If the matrix is not symmetric or not positively specified, the non-pivoting Gaussian elimination algorithm works in some cases and does not work in some cases. In our case, the matrix is symmetrical, but it is not positively defined, which is especially manifested by the fact that the words from the diagonal have greater values than the words from outside the diagonal. In our example this is not the case, for example the term \( A_{1,1}=0.05 \) marked in red are smaller than terms, for example \( A_{1,2}=A_{2,1}=0.10833 \) (marked in blue).
\( \begin{bmatrix} {\color{red}0.05} & {\color{blue}0.10833} & 0.00833 & 0 & 0 \\ {\color{blue}0.10833}& 0.5 & 0.21666 & 0.00833 & 0 \\ 0.00833 & 0.21666 & 0.55 & 0.21666 & 0.00833 \\ 0 & 0.00833 & 0.21666 & 0.5 & 0.10833 \\ 0 & 0 & 0.00833 & 0.10833 & 0.05\\ \end{bmatrix} \)

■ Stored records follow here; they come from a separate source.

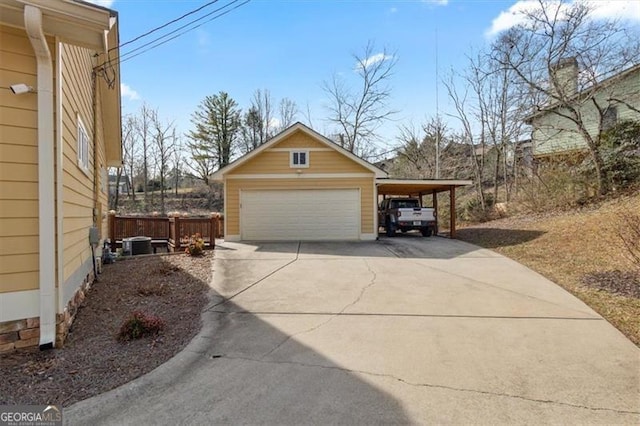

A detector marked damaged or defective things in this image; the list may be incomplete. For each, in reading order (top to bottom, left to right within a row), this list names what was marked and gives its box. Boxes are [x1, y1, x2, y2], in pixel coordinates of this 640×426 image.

driveway crack [260, 260, 378, 360]
driveway crack [216, 354, 640, 414]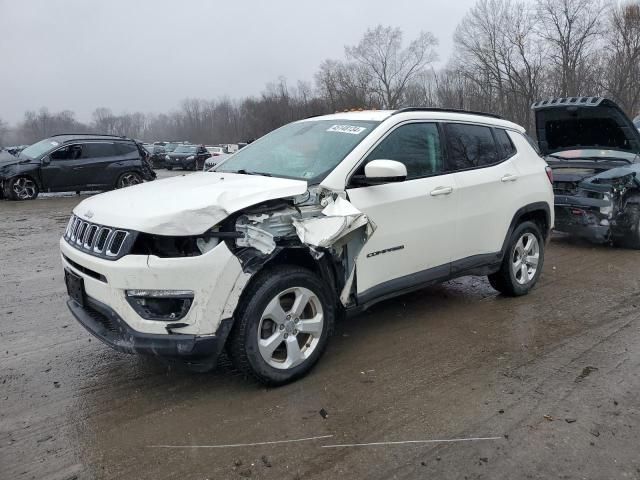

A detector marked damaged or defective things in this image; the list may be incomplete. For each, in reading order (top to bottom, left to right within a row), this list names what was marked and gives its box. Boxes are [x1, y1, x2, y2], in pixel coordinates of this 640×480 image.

crumpled hood [528, 97, 640, 156]
damaged black suv [0, 134, 155, 200]
wrecked vehicle [0, 134, 156, 202]
crumpled hood [72, 173, 308, 235]
wrecked vehicle [532, 97, 640, 248]
damaged black suv [532, 97, 640, 248]
front-end collision damage [229, 188, 376, 308]
wrecked vehicle [61, 109, 556, 386]
broken headlight [125, 290, 194, 320]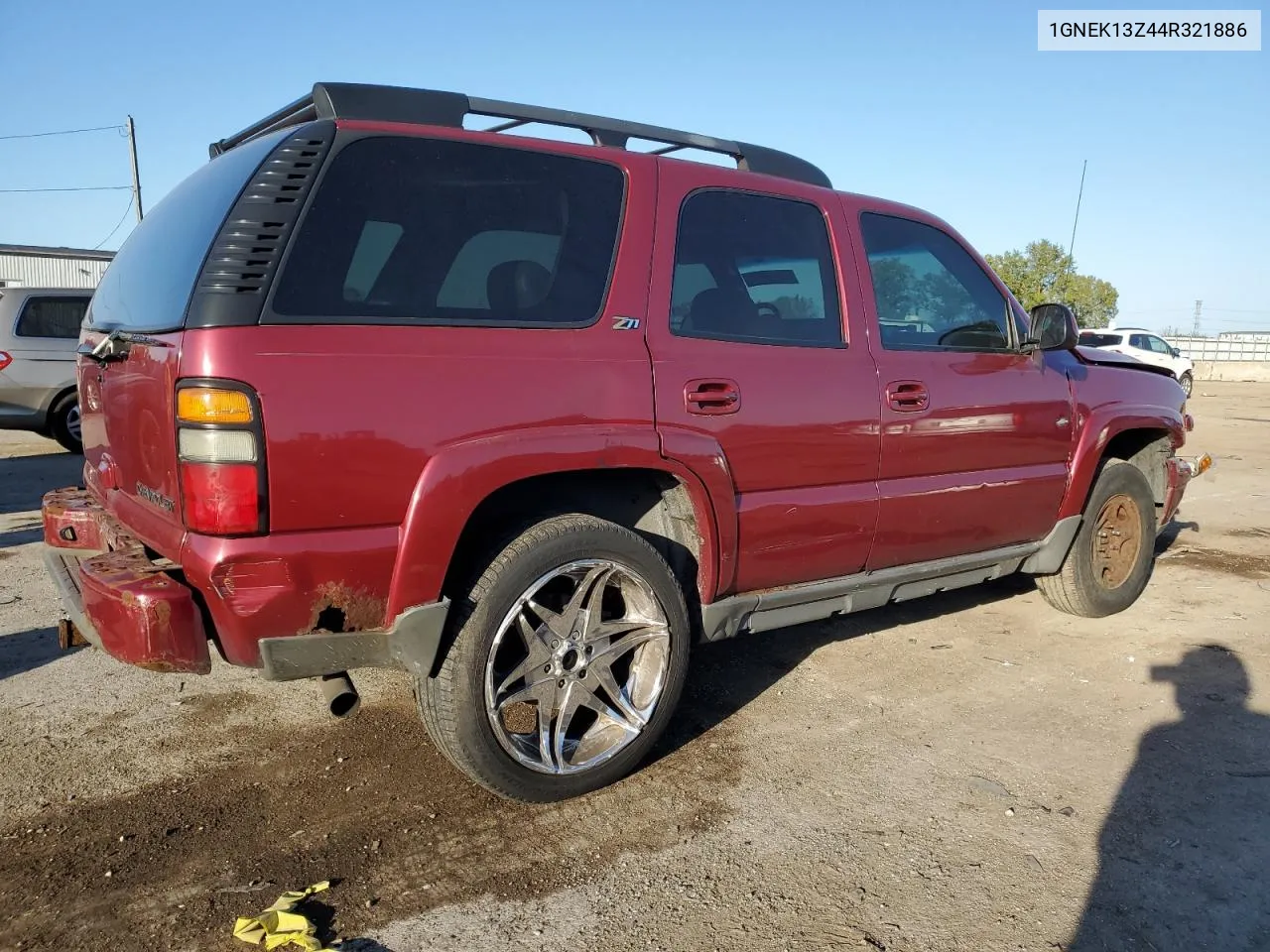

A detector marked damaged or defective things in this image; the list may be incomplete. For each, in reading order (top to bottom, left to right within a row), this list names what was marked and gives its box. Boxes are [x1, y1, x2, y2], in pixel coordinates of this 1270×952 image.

damaged rear bumper [42, 487, 449, 680]
rusty steel wheel [1036, 467, 1158, 622]
rusty steel wheel [1086, 495, 1148, 594]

In this case, the Gaussian elimination algorithm will make a mistake by dividing, for example, the first line by a small line on the diagonal \( A_{1,1}=0.05 \) This is because we store our numbers on the computer in an approximate manner, for example truncating everything after the fifth decimal place. To correct our error, add pivoting to the Gaussian elimination algorithm.